Rule-based Sentiment Analysis on Syfe, Stashaway and Endowus
Using 3 types of lexicon based approach to conduct Sentiment Analysis on Syfe, StashAway and Endowus app reviews.
- TextBlob
- VADER
- SentiWordNet
import numpy as np
import pandas as pd
import regex as re
import warnings
warnings.filterwarnings('ignore')
# import file
app_reviews = pd.read_csv('app_reviews.csv')
app_reviews.head()
app_name | content | |
---|---|---|
0 | Syfe | 1. The portfolio “card user interface” can be ... |
1 | Syfe | This hybrid app is quite buggy compared Stasha... |
2 | Syfe | The app and website is just a bunch of fake li... |
3 | Syfe | The app looks fantastic and it’s so fresh with... |
4 | Syfe | Hi there,\n\nThe app checks for latest version... |
1. Data Preprocessing
Data preprocessing steps:
a.

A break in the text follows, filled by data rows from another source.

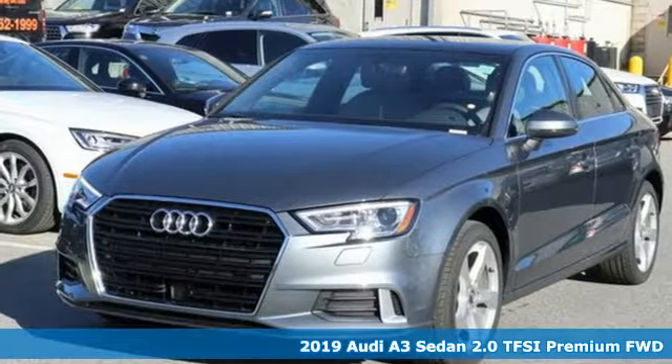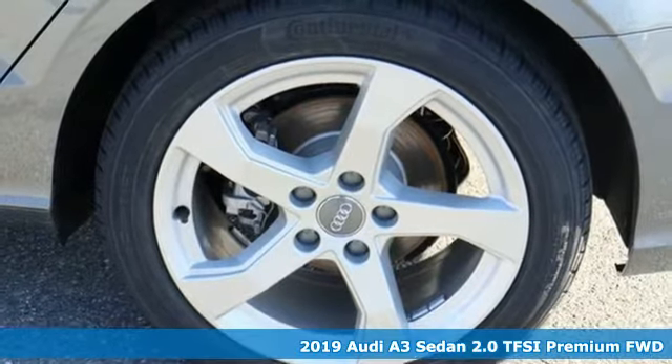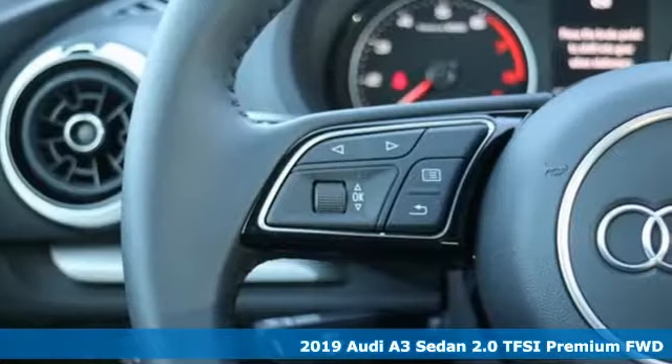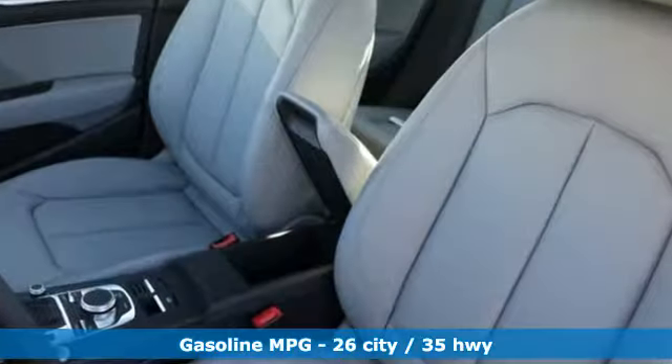Here's a new 2019 Audi A3 Sedan. This luxury compact sedan leaves you wanting for nothing. From impressive power to luxurious features to efficiency, this A3 does it all.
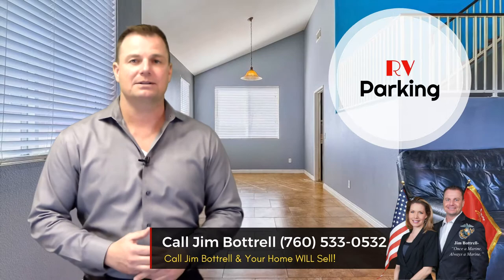It has nice RV parking, there are no neighbors behind, it has tile flooring, vaulted ceilings, a large kitchen with an island, dual vanities, and a separate soaking tub — so it has all the amenities of a large house. This is a really, really nice house.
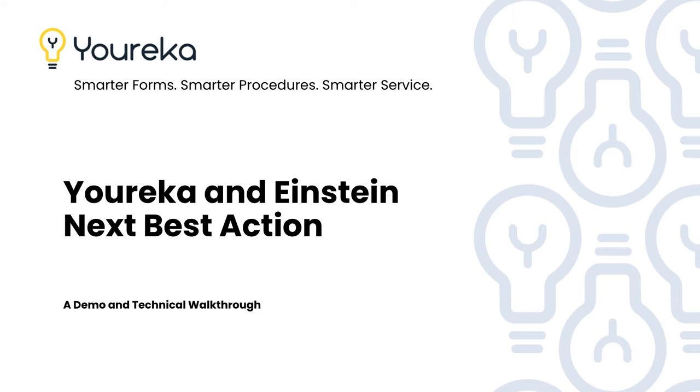My name is Pat Dennis, and what I wanted to do is just do a little video here showing you how Eureka, Salesforce Field Service, and Einstein Next Best Action can all work together.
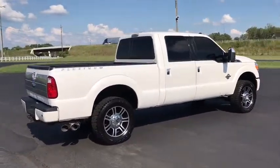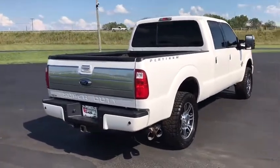This vehicle has less than 100,000 miles. Here are some of this vehicle's great options.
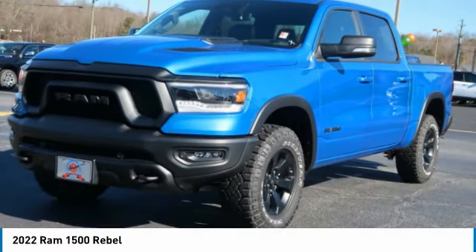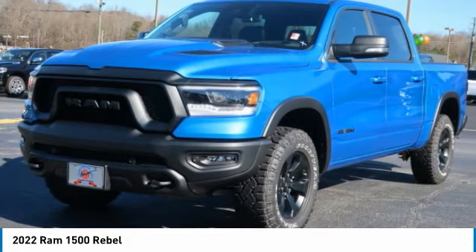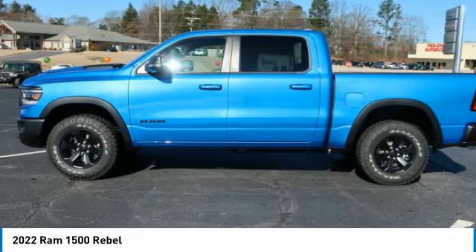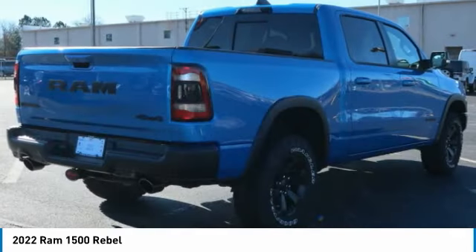The 2022 Ram 1500 went against the Chevrolet Silverado, Ford F-150, and Toyota Tundra, which are all excellent trucks in their own right. The Ram took home the prize for its well-rounded strengths.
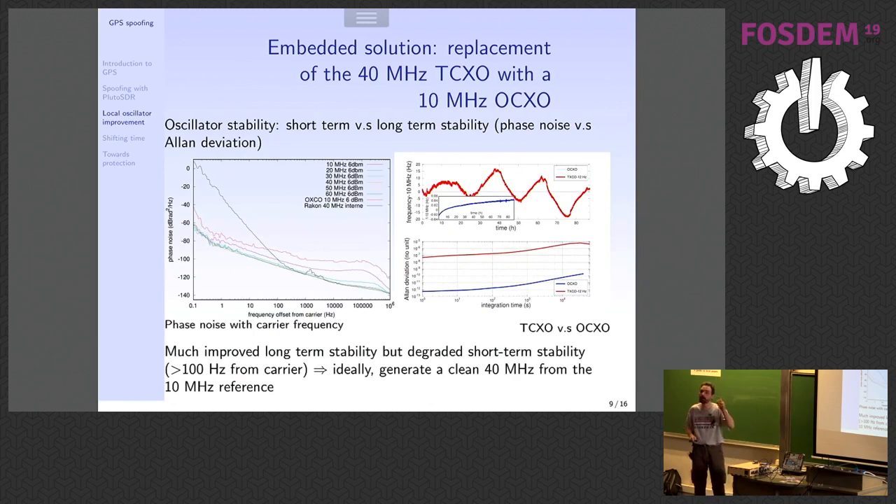The Pluto SDR doesn't need to be clocked at exactly 40 MHz. Most OCXOs are 10 MHz — that's the standard. So I configured the local oscillator at 10, 20, 30, and 40 MHz. What you see is that the PLL of the Pluto SDR is really not working well at 10 MHz — high phase noise. At 20 MHz it's a bit better, and only above 30 MHz do you get the expected phase noise quality. Ideally you'd use the OCXO with a DDS to generate 40 MHz and feed that to the Pluto SDR, but we didn't have time to implement this.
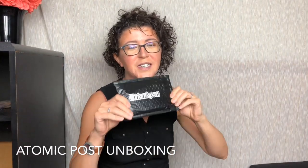Hey guys, it's Asher from MatterTreeReviews and today I'm here with Atomic Post. This is from the makers of that box Matter that I reviewed. This is like a smaller science subscription.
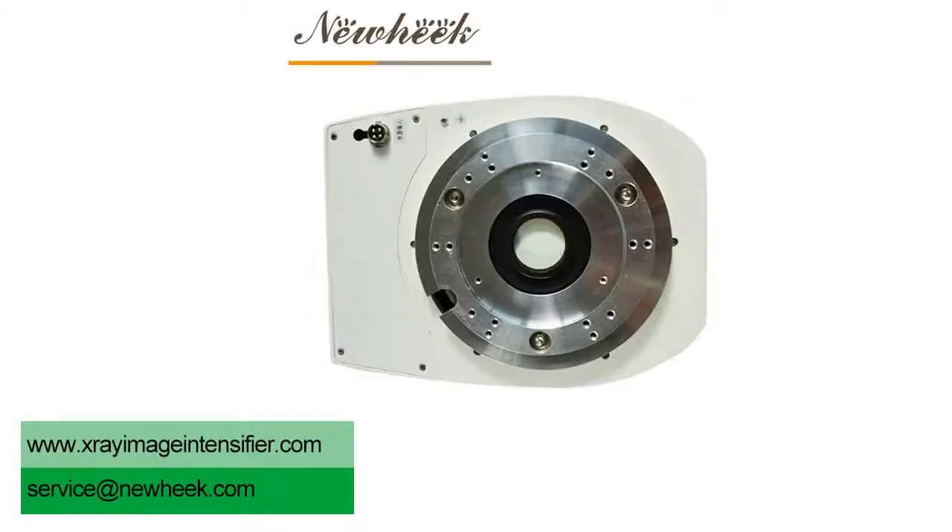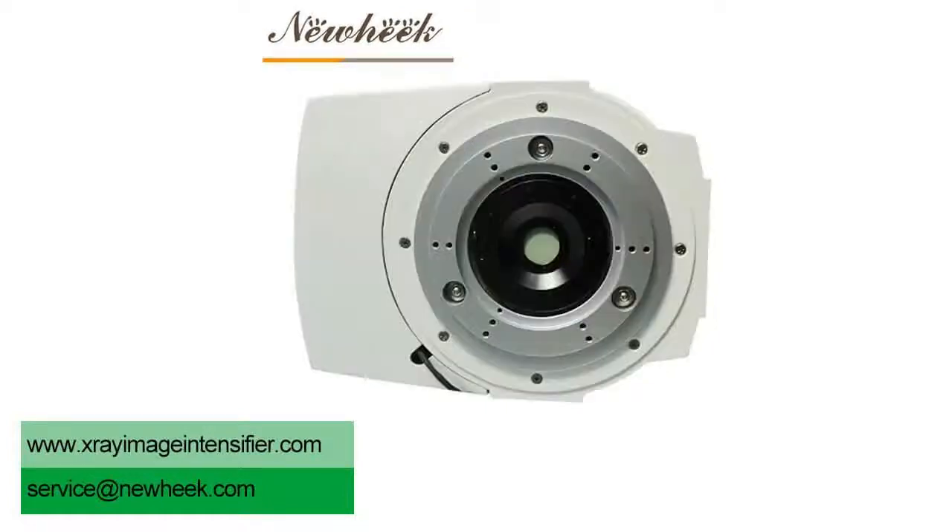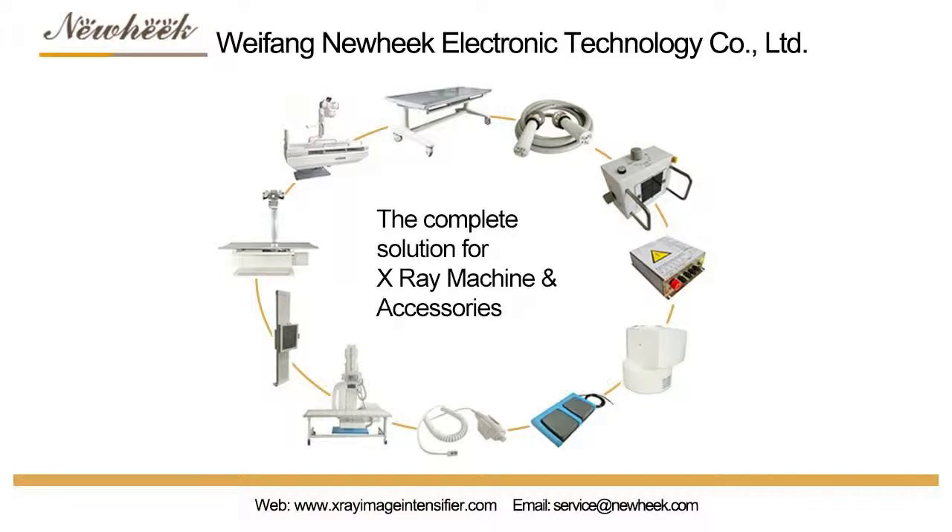Moreover, the image is clear and the contrast is good, which is helpful to discover lesions and improves work efficiency and diagnostic rate.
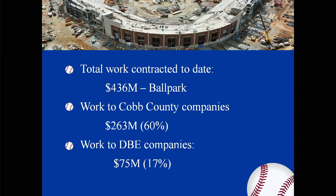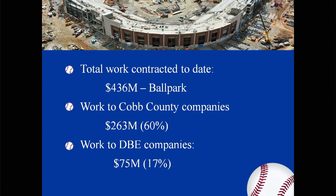We have total contracts to date. As of June 27, 2016, $405,810,895 on the ballpark. Work to Cobb County companies: 60.25%, $263 million. Work to DBE companies: $75 million, or 17.24%. Public safety continues to work with the Braves staff as they get ready for the opening in April of 2017.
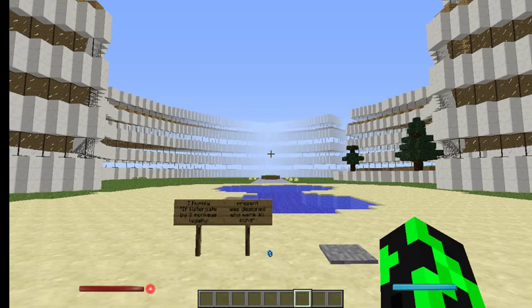Hey guys, Blue Thunder 650 here, bringing you another episode of Big Dig number 17, ASMR edition, because it's 12:48 and Jacob needs to finish his project but doesn't want to wake his parents up.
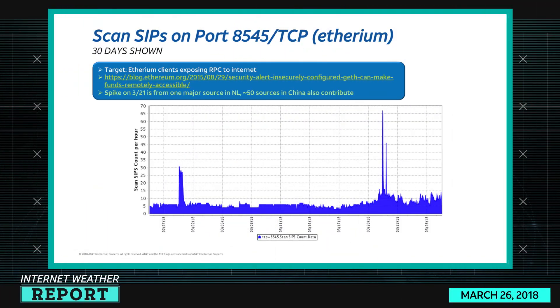Port 8545 TCP, which is Ethereum — it turns out this GF was exposing RPC to the internet, and people could just stroll in and grab your money. We did see a spike around the 21st, coming from one major source in the Netherlands. But there are also about 50 sources in China that are consistently contributing to the scanning as well, so we're keeping an eye on this one.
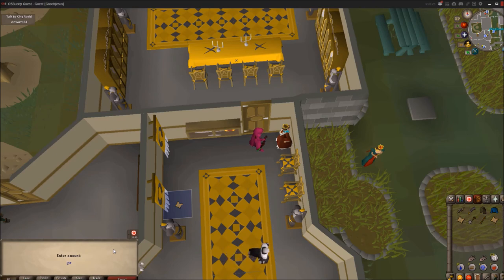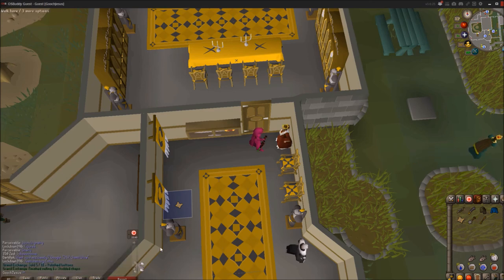So when you read that challenge scroll, you're going to go to him, answer 24 — correct. He's going to give you a clue scroll or a casket. Thank you very much for watching, I hope this helped you out. Have a good day.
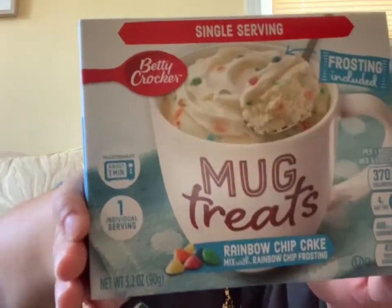My dad got a spicy hot chocolate — he's very adventurous, so he'll try that before I do. I also got these mug cake treats; I've gotten them before and really like them. They're a fun quick snack — great for a movie night when you don't want traditional popcorn. I got four total: two rainbow chip cake and two hot fudge brownie.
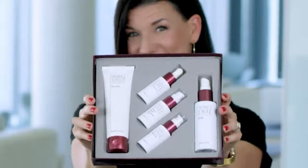Hi! I'm Cathy from Nu Skin. The product I have here is the 180 Face Wash. This is part of the Nu Skin 180 Anti-Aging Skin Therapy System. Today I'm just going to focus on this guy here, the Face Wash.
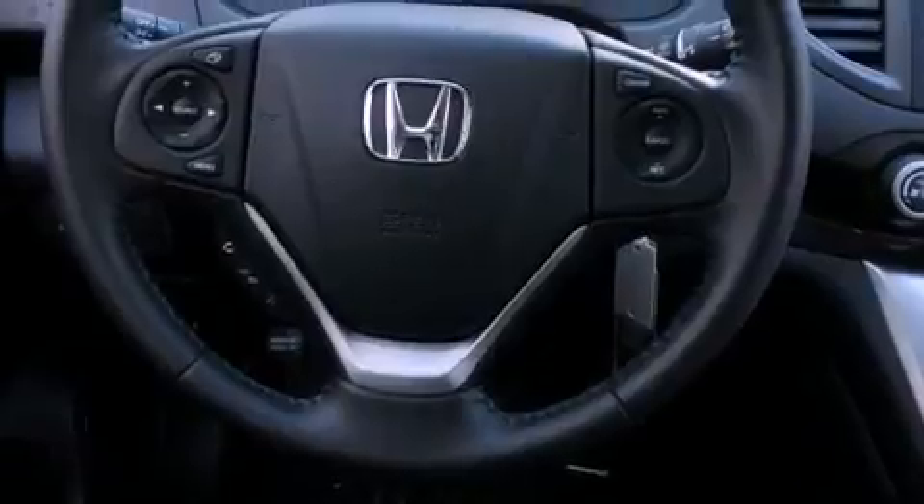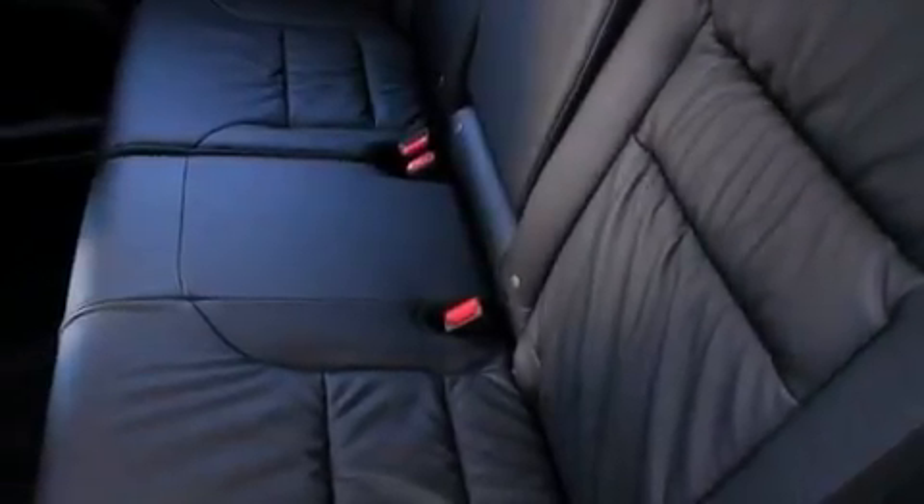A traction control system, air conditioning with automatic climate control, and heated seats that can warm you up in seconds, keeping you and your passengers comfortable the whole trip.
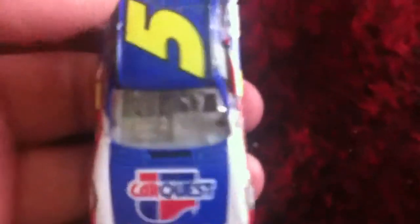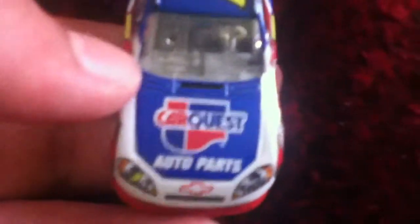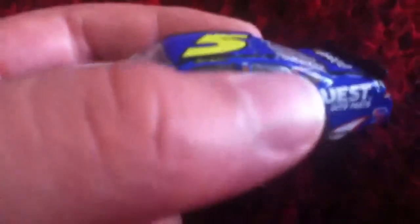Alright, here it is. This is the vehicle — Car Quest livery on the hood, and it's blue. There's the Chevy logo. I like the new Chevy look. Number five. And there's a Go Daddy logo, and Car Quest Auto Parts.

Cleaning the text
b. Tokenization
c. Enrichment – POS tagging
d. Stopwords removal
e. Obtaining the stem words
1a. Cleaning the Text
Remove the special characters, numbers from the review text using regex
# Define a function to clean the text
def clean(text):
# Removes all special characters and numericals leaving the alphabets
text = re.sub('[^A-Za-z]+', ' ', text)
return text
# Cleaning the text in the review column
app_reviews['cleaned_reviews'] = app_reviews['content'].apply(clean)
app_reviews.head()
app_name | content | cleaned_reviews | |
---|---|---|---|
0 | Syfe | 1. The portfolio “card user interface” can be ... | The portfolio card user interface can be inco... |
1 | Syfe | This hybrid app is quite buggy compared Stasha... | This hybrid app is quite buggy compared Stasha... |
2 | Syfe | The app and website is just a bunch of fake li... | The app and website is just a bunch of fake li... |
3 | Syfe | The app looks fantastic and it’s so fresh with... | The app looks fantastic and it s so fresh with... |
4 | Syfe | Hi there,\n\nThe app checks for latest version... | Hi there The app checks for latest version dur... |
1b. Tokenisation
Using nltk tokenize function word_tokenize() to perform word-level tokenization
1c. Enrichment – POS tagging
Using the nltk pos_tag function to perform Parts of Speech (POS) tagging - converting each token into a tuple having the form (word, tag). POS tagging essential to preserve the context of the word and is essential for Lemmatization
1d. Stopwords removal
Stopwords in English are words that carry very little useful information. We need to remove them as part of text preprocessing. nltk has a list of stopwords of every language.
import nltk
from nltk.tokenize import word_tokenize
# Download punkt resource if unavailable
# nltk.download('punkt')
from nltk.tag import pos_tag
# Download averaged_perceptron_tagger resource if unavailable
# nltk.download('averaged_perceptron_tagger')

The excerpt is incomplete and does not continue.